While use of a weapon or physical force is normally justified by police officials on the grounds of officer self-defence (sometimes rightly and sometimes wrongly), use of racial slurs or sexual humiliation by police has no credible justification on the grounds of officer self-defence. This raises a question: do small geographic areas with disproportionately high rates of racial disparities in police shootings of unarmed civilians also show disproportionately high rates of racially motivated psychological or sexual victimisation that serves no purpose in terms of community protection or officer self-defence? If so, such data might provide reason to believe that racial animus rather than response to crime might be an important driver of racial disparities in police use of force in that area. The methods introduced by DeVylder et al. (Reference DeVylder, Oh, Nam, Sharpe, Lehmann and Link2016) will allow researchers to conduct such tests.
(4) Finally, DeVylder et al. (Reference DeVylder, Oh, Nam, Sharpe, Lehmann and Link2016) present only fully pooled analyses of the data, and do not seem to have publicly released the raw data, statistical methodology, or code used in their analysis. Open statistical methods and data are essential to the scientific process – others in the field should be able to replicate and review analyses to check for errors and robustness to alternative model specifications. Additionally, if data are open, it facilitates new analyses by others that the authors themselves may not have initially considered.
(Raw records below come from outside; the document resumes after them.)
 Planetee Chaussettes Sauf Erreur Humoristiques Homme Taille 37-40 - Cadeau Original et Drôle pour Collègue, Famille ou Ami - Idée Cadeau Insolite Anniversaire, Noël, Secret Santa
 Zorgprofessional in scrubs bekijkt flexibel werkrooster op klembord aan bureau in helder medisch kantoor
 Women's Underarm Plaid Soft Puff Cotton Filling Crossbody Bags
The authors do state that: ‘The complete data set is available on request from the principal investigator and corresponding author.’ But the Center for Open Science states that the standard for open data should be that: ‘Digitally-shareable data are publicly available on an open-access repository. The data must have a persistent identifier and be provided in a format that is time-stamped, immutable and permanent.’
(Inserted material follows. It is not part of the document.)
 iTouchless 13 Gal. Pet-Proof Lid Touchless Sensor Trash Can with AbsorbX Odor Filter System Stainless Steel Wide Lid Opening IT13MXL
Although this study carries much value as presented, there are greater analytical and policy advantages to a sharper focus on fine-scale variation in police victimisation. For example, we would learn much more from analysing how police victimisation is structured by geography, than by analysing the central tendency across a few large cities. The potential of the ecological inference fallacy looms large over most published analyses of police victimisation – including my own. Part of the value in this work by DeVylder et al. (Reference DeVylder, Oh, Nam, Sharpe, Lehmann and Link2016) is that their methods produce individual-level data; while variables like ‘crime rate’ will always be aggregate-level variables, the data produced by DeVylder et al. (Reference DeVylder, Oh, Nam, Sharpe, Lehmann and Link2016) should allow analysis at a much finer scale than the county-level data that previous research has focused on in the past. If zip-code level indicator variables are available, the literature would benefit from a multi-level reanalysis of these data.
Because of the value of this work and the importance of the data collected herein, I think it would be a benefit to the field to see this data set and all of the survey tools placed in a GitHub repository. Then, anybody who feels so inclined could easily reanalyse the data, extend this initial analysis, or implement the same study in new cities.